Abundant food for thought for professionals of all types as well as students of decision science and behavioral economics.

NOISE

A FLAW IN HUMAN JUDGMENT

A sprawling study of errors in decision-making, some literal matters of life and death.

You go to a doctor complaining of chest pains. The doctor orders an angiogram. The hospital requires a second opinion before authorizing surgery, and the second doctor disagrees on the extent to which a specific blood vessel is blocked. These unpredictable disagreements over the same data are what Kahneman, Sibony, and Sunstein call “noise,” a species of human error that happens whenever such higher-order judgments are involved. Noise, they write, is rampant in medicine, where “different doctors make different judgments about whether patients have skin cancer, breast cancer, tuberculosis, pneumonia, depression, and a host of other conditions.” Noise is especially prevalent in psychiatry, they add, where subjective opinion is more pronounced than in other disciplines. A cousin of bias, noise is difficult to isolate and correct. In forensic science, the authors write, noise is implicated in nearly half of all misidentifications of perpetrators and wrongful imprisonments. Unlike some categories of error, noise is often not helped by the introduction of more information. Writing in often dense but generally nontechnical prose, the authors offer strategies for reducing noise.
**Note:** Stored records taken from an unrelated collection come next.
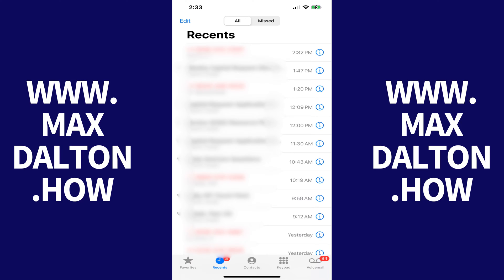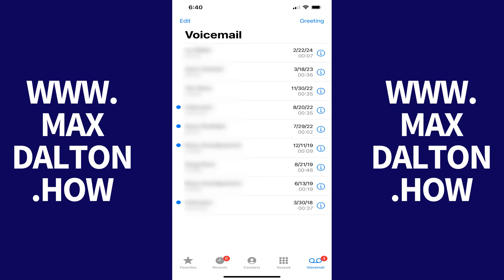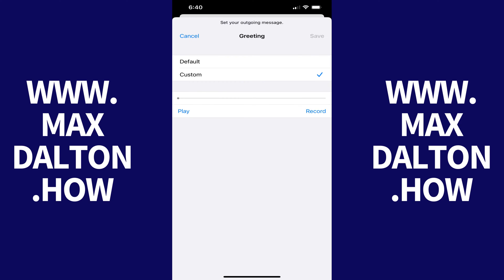Step 1: Tap to open the phone app on your iPhone and then tap Voicemail in the row of options along the bottom of the screen. You'll land on the voicemail screen. Step 2: Tap Greeting at the top of this screen. The greeting screen is shown. Step 3: Tap to place a checkmark next to Default. Your custom voicemail message will be deleted and you'll return to the default voicemail greeting.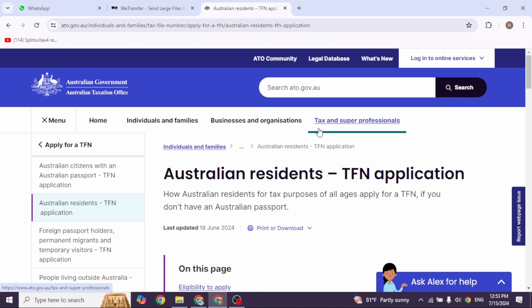You should receive your TFN within 28 days. For international students and migrants, click the option for foreign passport holders. Enter your passport details, visa type, and personal information, confirm the details, and submit the application. You'll receive your TFN within 14 days.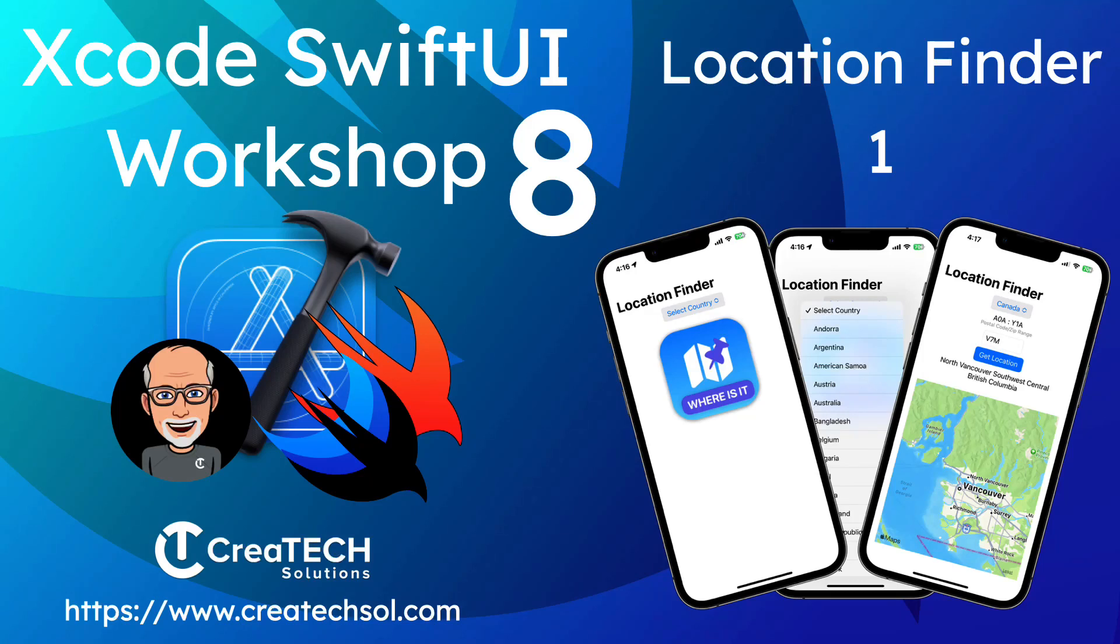Hi, my name is Stuart Lynch and this is the eighth video in the Xcode SwiftUI workshop and the first video where we're building a new application.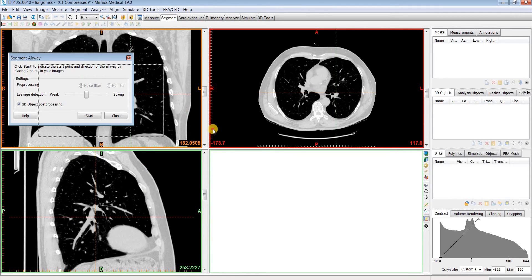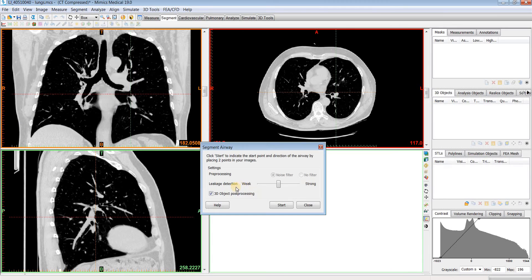Before starting, you'll want to choose your leakage detection. Leakages occur in regions where the contrast between the airway and the airway wall decreases, which causes the segmentation to leak into the pulmonary parenchyma, and subsequently lung tissue can get erroneously marked as airway. We have a slider to help control this behavior.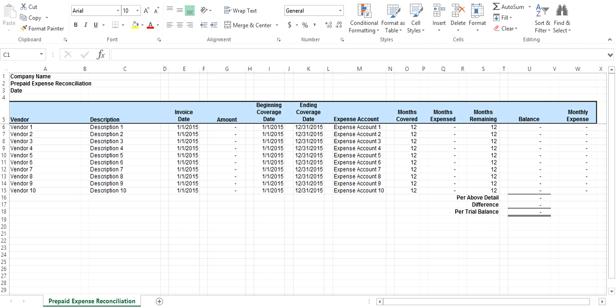You also enter the balance of your prepaid expense account from your trial balance. The tool calculates your monthly expense for each item. After you have recorded your expense for each month, you update the months expensed, which calculates the ending balance for each item based on the number of months remaining.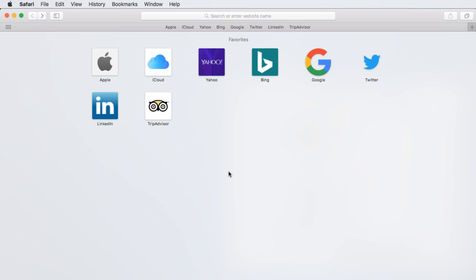Safari has many ways to customize your browsing experience, such as adding a home page and using extensions to add new functionality.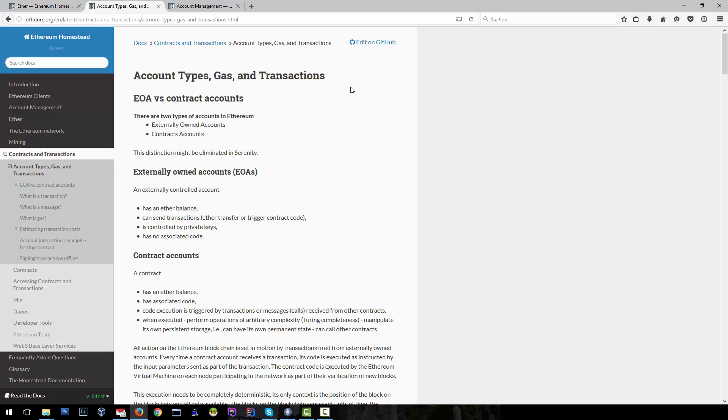The second type of account is contract accounts. These are deployed in the blockchain and contain code.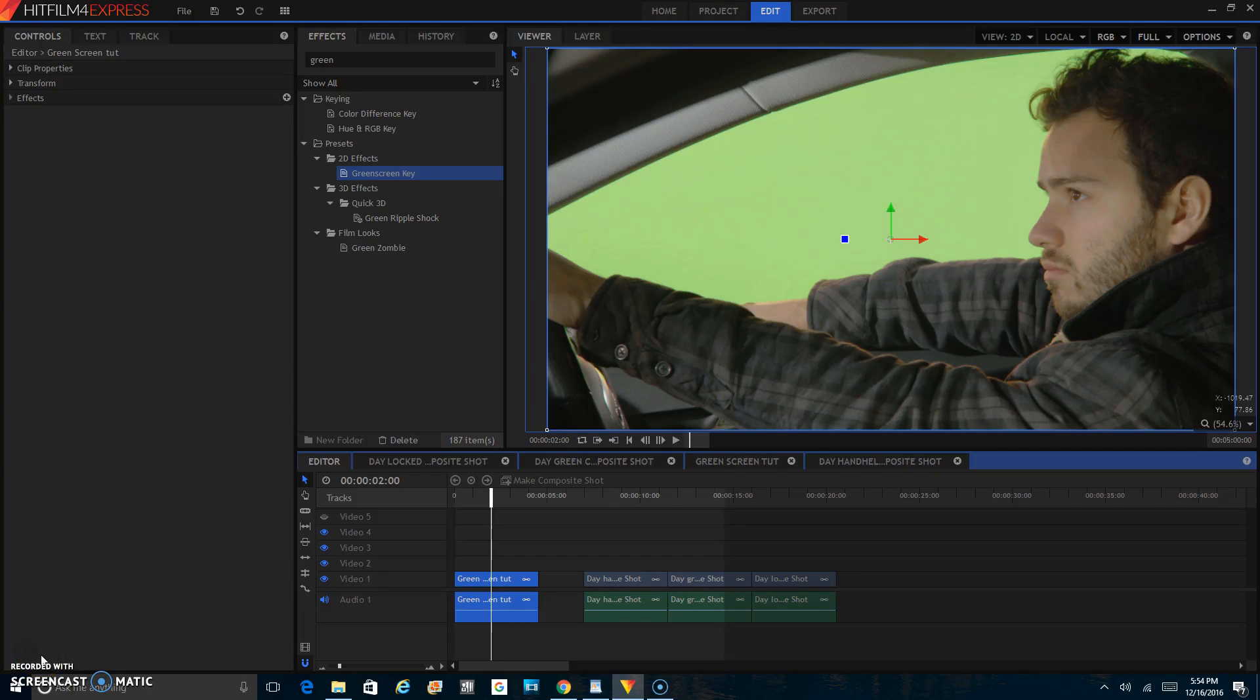Hey guys, welcome to Pull Pin Productions, the show that teaches you filmmaking tricks. I'm your host, Matthew Grover, awesome director, sweet cinematographer, and amazing filmmaker.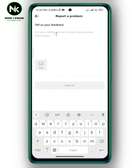Here, write down your problem. For example: 'Hello, I've already got 1000 followers on TikTok but I still can't go live, so please help me to fix this problem.' Once you're done, tap on Submit. I hope your problem gets solved. Thanks for watching, see ya!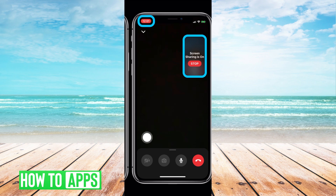Once you're done, all you have to do is hit 'Stop Sharing' at the top right, and that will stop sharing and you'll go back to that normal FaceTime.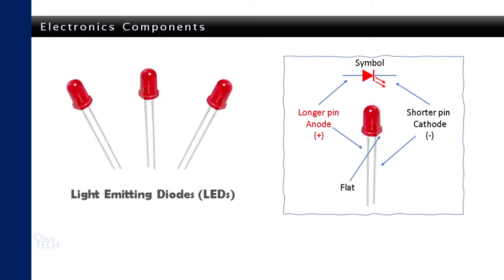The shorter pin on the side of the flat edge of the LED indicates the cathode of the LED. The LED will light up only when the anode connects to the positive of a power source and the cathode connects to its negative.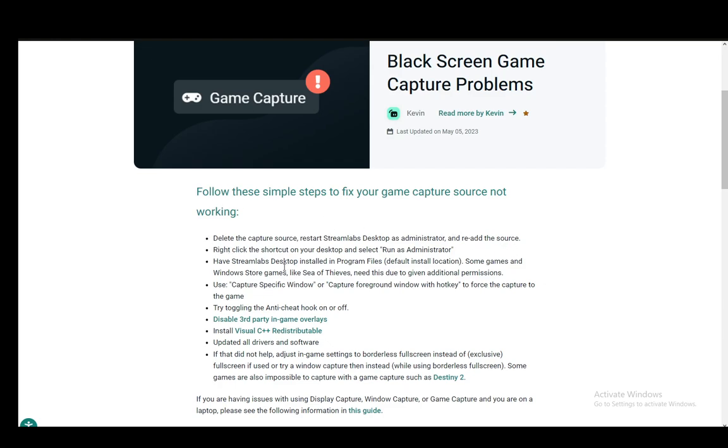Other than that, you can just right-click the shortcut on your desktop and select run as administrator. And that is one or technically two methods which you can do.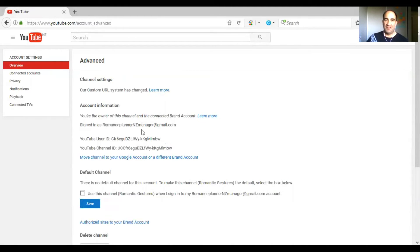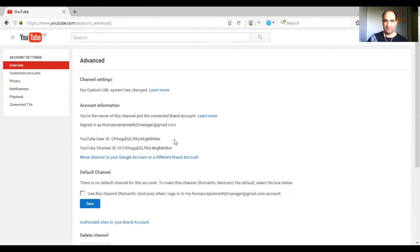Alright, it was easy as that. So here's your YouTube channel ID — that's your channel username. And also this is your very own personal ID.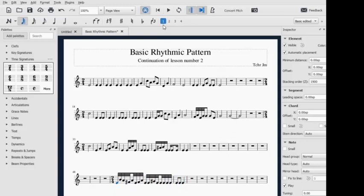See, that's it. And that's the basic rhythmic pattern of time signature two-four. Thank you for watching.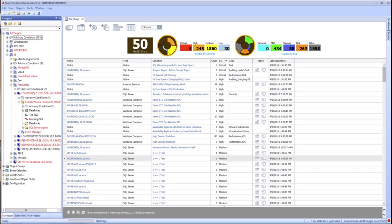This lesson is an introduction to advisory conditions in Sentry One. Advisory conditions allow you to create conditions based on the result of a performance counter value, T-SQL query, WMI query, or the combination of any of those values.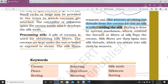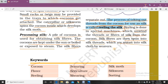Reeling is done in special machines which unwind the threads or fibers of silk from the cocoon. The silk fibers are then spun into silk threads, which are woven into silk cloth by weavers.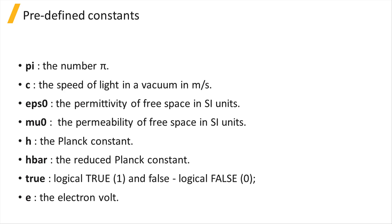Lumerical scripting includes a set of predefined constants: the number pi, the speed of light in vacuum, the permittivity and permeability of free space, Planck constant and the reduced Planck constant, the logical true and false, and the electron volt.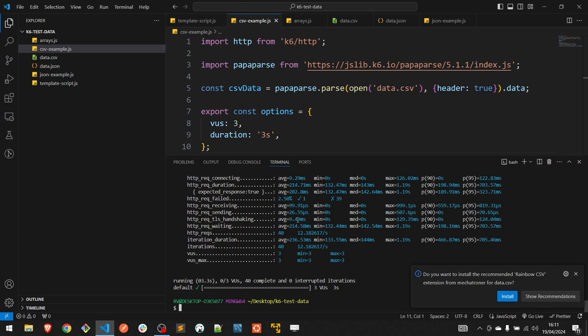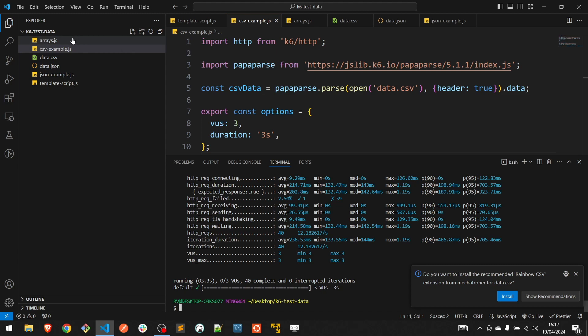Last but not least, the approach regarding shared arrays. The shared array approach must be combined with any of the previous approaches and it's the most efficient way to add data within a k6 test because it handles high resource utilization in the most efficient way. In the previous approaches, when a file is used in a test, multiple copies of the file are created and sent to the load generator. When the file is large, it can have an impact on resources. Hence to prevent this, the shared array approach should be the go-to option.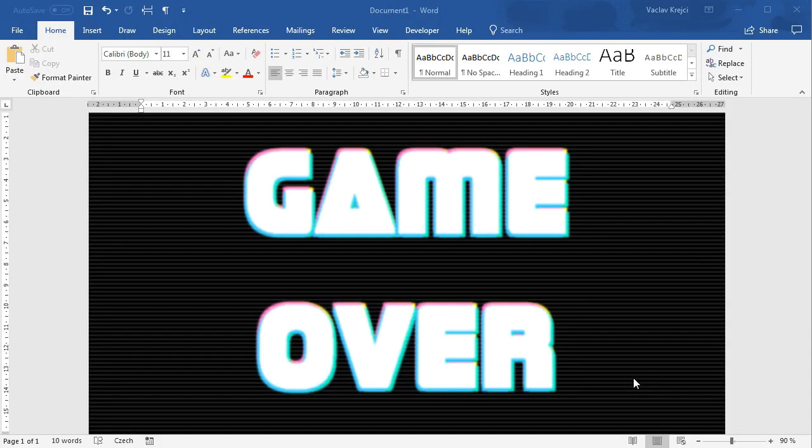Hey and welcome to another video. Today I will show you how to create this kind of sci-fi old monitor style text effect inside Microsoft Word including those scanlines. So let's open a new document and get started.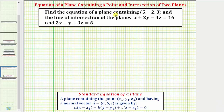We want to find the equation of the plane containing the point (5, -2, 3) and the line of intersection of the planes x plus 2y minus 4z equals 16 and 2x minus y plus 3z equals 6.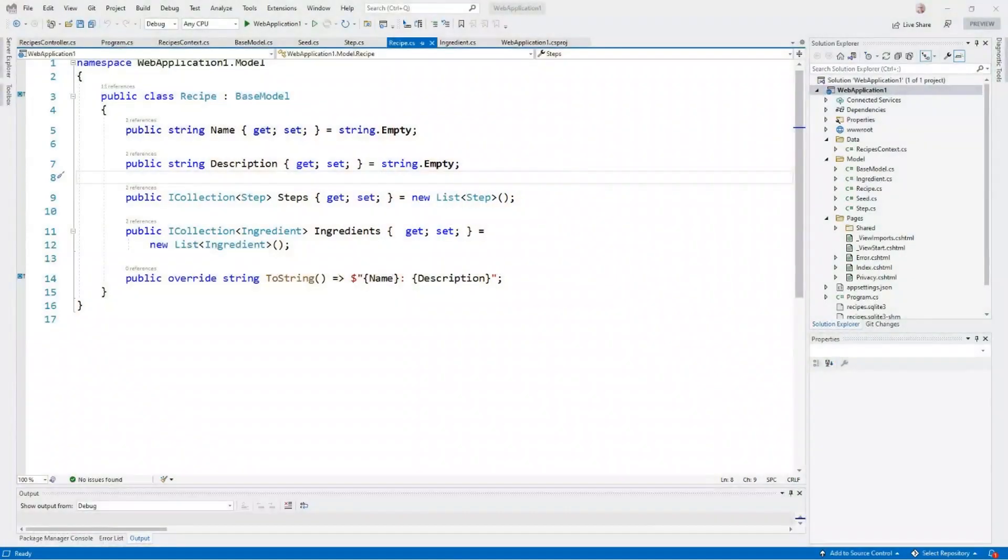Hi, my name is Jeremy Lichness. I'm Program Manager for .NET Data at Microsoft. Today, I'd like to show you how easy it is to add a rich API to your application using Entity Framework Core 6 and GraphQL. Let's get started.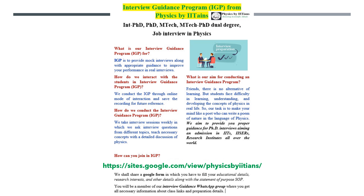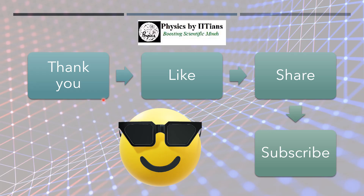We are currently conducting an interview guidance program for preparation of PhD, integrated PhD, MSc, MTech, and other physics job interviews. These mock interviews are designed to boost your confidence. We will discuss the most important problems and guide you on how to prepare each topic. Visit our website via the link in the description. I hope you liked this video — please like, share, and subscribe to help every student who needs it. Thank you so much for watching.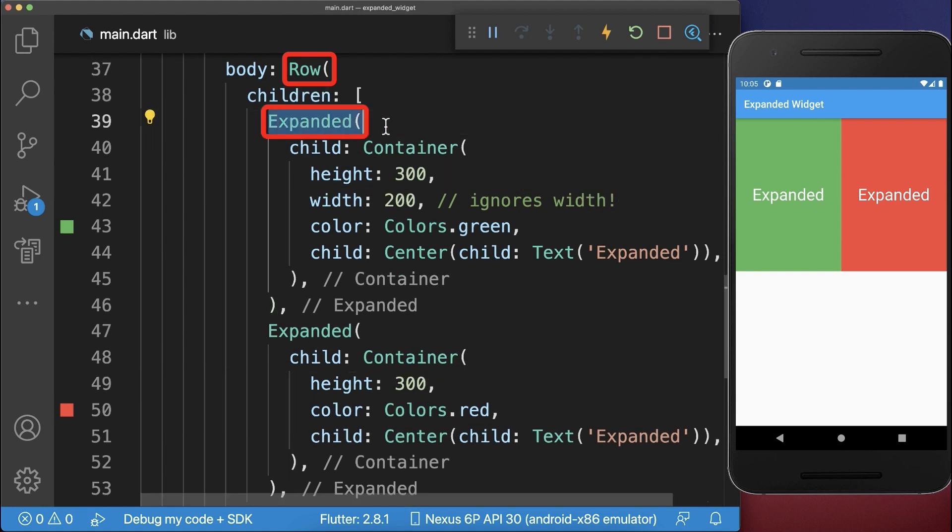And finally, the expanded widget can be only used inside of a row or column and needs to be the direct first child.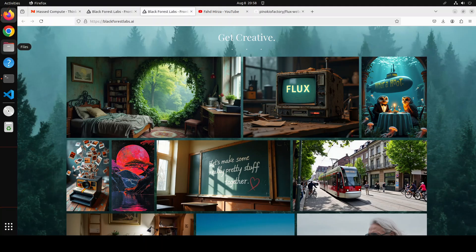Schnell and Dev we can install locally and play around with. I already have done a video on the Schnell model. It also has competitive prompt following, matching the performance of closed-source alternatives. It has been trained using guidance distillation, making Flux One Dev more efficient. It has open weights to drive new scientific research and empower artists to develop innovative workflows. Generated outputs can be used for personal, scientific, and commercial purposes as described in the Flux One Dev non-commercial license.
One is to average out predictions in, say, stock market performance, since “noise is inherently statistical.” Another is to consult the smartest people you can find; while they may not be flawless, “picking those with highest mental ability makes a lot of sense.” Since error combines with snap decisions, the authors endorse rigorous review and other strategies for noise reduction and “decision hygiene” as well as developing habits of mind that acknowledge both bias and error and favor examining the opinions of those with whom one disagrees as dispassionately and fairly as possible. “To improve the quality of our judgments,” they urge, “we need to overcome noise as well as bias.”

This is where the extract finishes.